Ele andava vagarosamente e cambaleava pelas ruas já escuras da noite começada. Entre o céu e a calçada, seu mundo era limitado a uma muda de roupas surradas e a um velho guarda-chuva. De mãos dadas com a ressaca, não conseguia nem lamentar o fato de ter bebido além da conta durante todo o dia, apesar das restrições médicas. Nem viu esvaziar-se a garrafa de Sangue de boi. Não lembrava da última vez que havia bebido. Nem tinha o hábito de fazer isso com frequência.

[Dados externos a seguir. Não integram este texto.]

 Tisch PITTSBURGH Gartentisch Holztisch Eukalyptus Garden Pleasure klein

Sentou-se na calçada, frente ao ponto de táxi, encostando-se no poste onde cartazes desbotados e ilegíveis observavam o homem de olhos semicerrados. Dois moradores das redondezas perguntaram se não estava bem. Não se ouviu resposta. Seus olhos, já totalmente fechados não puderam sequer perceber a ausência do guarda-chuva.
Passada uma hora, um taxista chamou uma ambulância. Não foi achada nenhuma identificação nos bolsos do homem, que a essa altura não tinha mais os velhos tênis nem a carteira quase vazia. Os curiosos revezavam-se. Pensou-se em utilizar um dos táxis para transportar o corpo imóvel, frio e apagado como uma estrela caída e estática. Os taxistas não acharam que fosse uma boa ideia.

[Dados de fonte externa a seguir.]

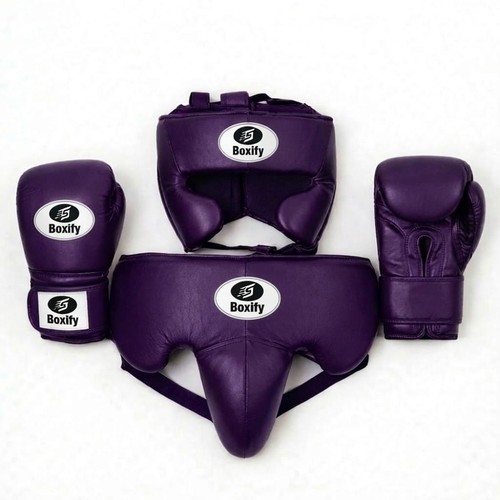 Boxify boxing set head - boxify, guard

Havia passado pouco mais de duas horas quando o socorro chegou. O homem já estava totalmente nu e uma senhora, saída da missa, nesse momento deixou ao seu lado uma vela gasta e incompleta. Seus cabelos estavam empapados e a vela não demoraria a apagar-se sob o vento insistente e o chuvisco gélido e cor de prata.

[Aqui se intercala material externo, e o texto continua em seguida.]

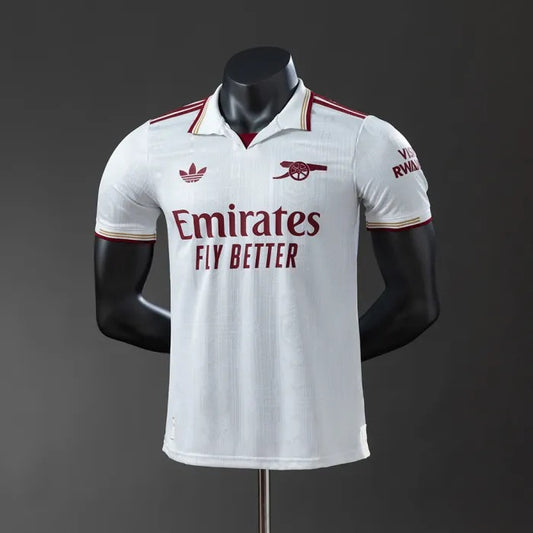 ARS THIRD 2025/26 JERSEY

Por quase três horas o indigente esteve ali sobre a calçada e, desfazendo-se paulatinamente, finalmente reduziu-se a uma mancha de sangue ralo, retirada com água e sabão pela vizinha, que auxiliava o trabalho da chuva fina e insuficiente. Único vestígio de uma vida igualmente sem força e expressão escorrendo e escondendo-se no bueiro aberto. Os restos da vela também não insistiram no adeus. Só o céu chorou timidamente uma escassez que era de tudo. Até de existir.